Local television news, I wrote, is the lizard on America’s shoulder, and so I think a part of this anger that she feels is a direct response to the kinds of things we’re delivering to people day-in and day-out. When the first ten minutes of “the news” night-after-night is man’s inhumanity to man, it has a negative impact on the psychological well-being of the audience, although I can’t cite you chapter and verse on how. I have many friends who’ve given up watching the news, and, to a person, they describe a more peaceful life.

But this is only part of the answer. The much bigger response is that the people formerly known as the audience (TPFKATA) are now able to do something about it. Everybody is a media company today, and that anger now has outlets that it never had before. What Ms. Kuglin is experiencing is an empowered culture able to do something about their anger, and that is something new under the sun. We’re all connected, and information is at our finger tips. That some people are exceptionally ugly is, well, welcome to the human race.

I think this is going to get worse, because it’s bigger than just the news. There is an incredible dissatisfaction with the fruit of the modern era. People look around a see nothing but failure. One tenth of our labor force is out of work, and all around people see our institutions gasping for survival. Created to serve the common good, institutions now find themselves completely self-centered, and the people know it. Nobody’s in it for us; everybody’s in it for themselves.

We’re in the midst of the second Gutenberg moment in the West. The dawning of the age of participation (what I call “postmodernism”) is upon us. We’re tired, for example, of the relentless carpet bombing of marketing, and so we’re fighting back. Why, Ms. Kuglin? Because we can.

We’re mad as hell, and we’re not going to take it anymore. You think the last ten years have been interesting? Wait until you see what’s coming.

I appreciate your courage in bringing it up. Keep up the great work.

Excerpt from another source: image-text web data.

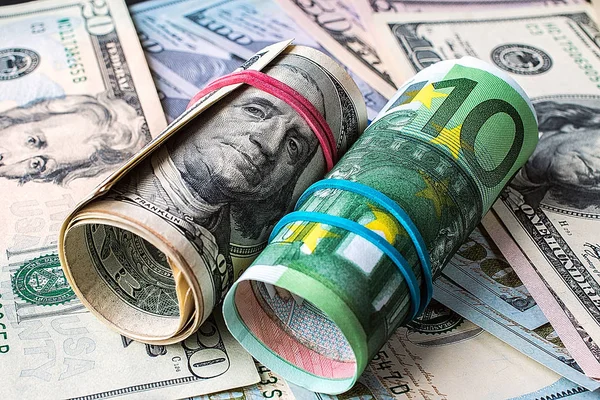 Background of the money. Euro and Dollar. — Stock Photo, Image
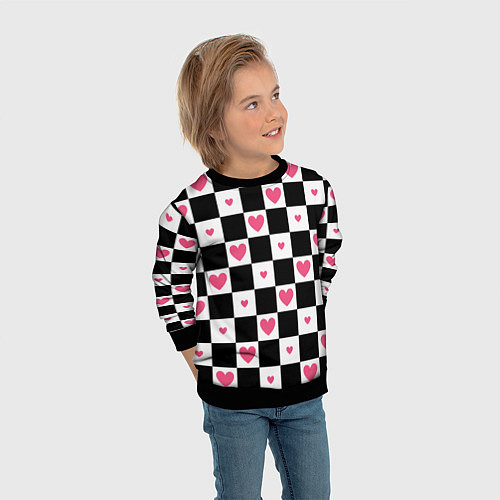 Детский свитшот Розовые сердечки на фоне шахматной черно-белой дос / 3D-Черный – фото 3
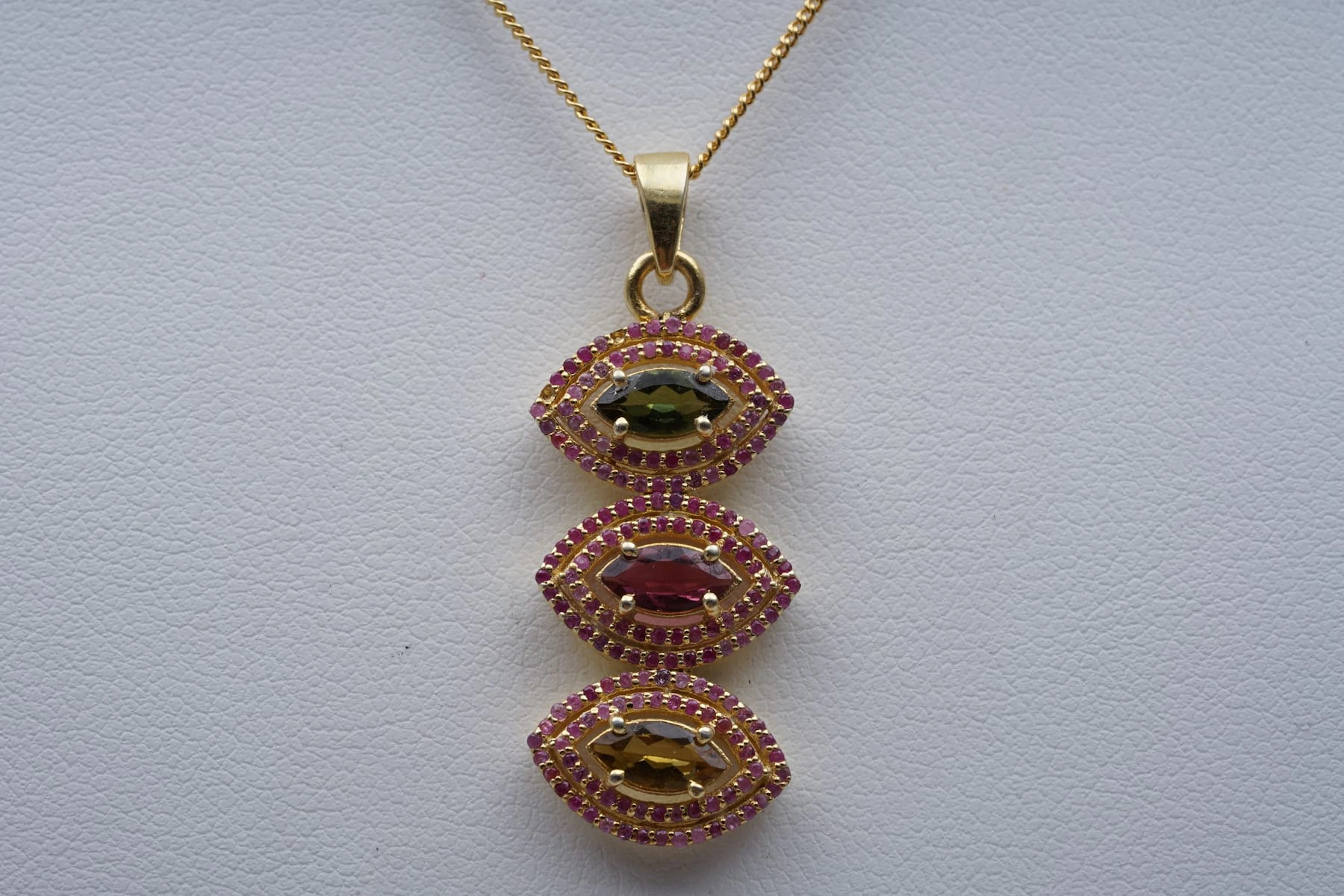 (3731) PENDANT yellow SILVER 925 / 1000 multicolore TOURMALINES marquise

This entry was posted on Friday, February 26th, 2010 at 9:39 am and is filed under Uncategorized. You can follow any responses to this entry through the RSS 2.0 feed. You can leave a response, or trackback from your own site.

    

2 Responses to “Why are we all so angry?”

  1. JD Lasica Says:

    Your points are spot on, Terry. But it’s only half the story.

    Now that we’re all producers of media, there’s a concomitant responsibility to channel that anger into something more constructive. Just as the public has taken on an increased, unwanted responsibility to steep ourselves in media literacy by fine-tuning our BS meters to separate reliable from unreliable sources of news, so too we need to remind ourselves that just because we’ve taken up bullhorns doesn’t mean that shouting into them is ever right.

    If we can’t be civil, then democratic media will be something to avoid rather than celebrate.

  2. steve Says:

    i have faith that we will “grow” to be more civil, give it time.

    in the scheme of things, the ability to participate is brand new (consider goog will have been a public company all of five years in 2010) while the pent up anger certainly isn’t.

    maybe ms. kuglin’s experience of “people being mean in great numbers” is simply a function of more people (young and old) taking to the net to be heard.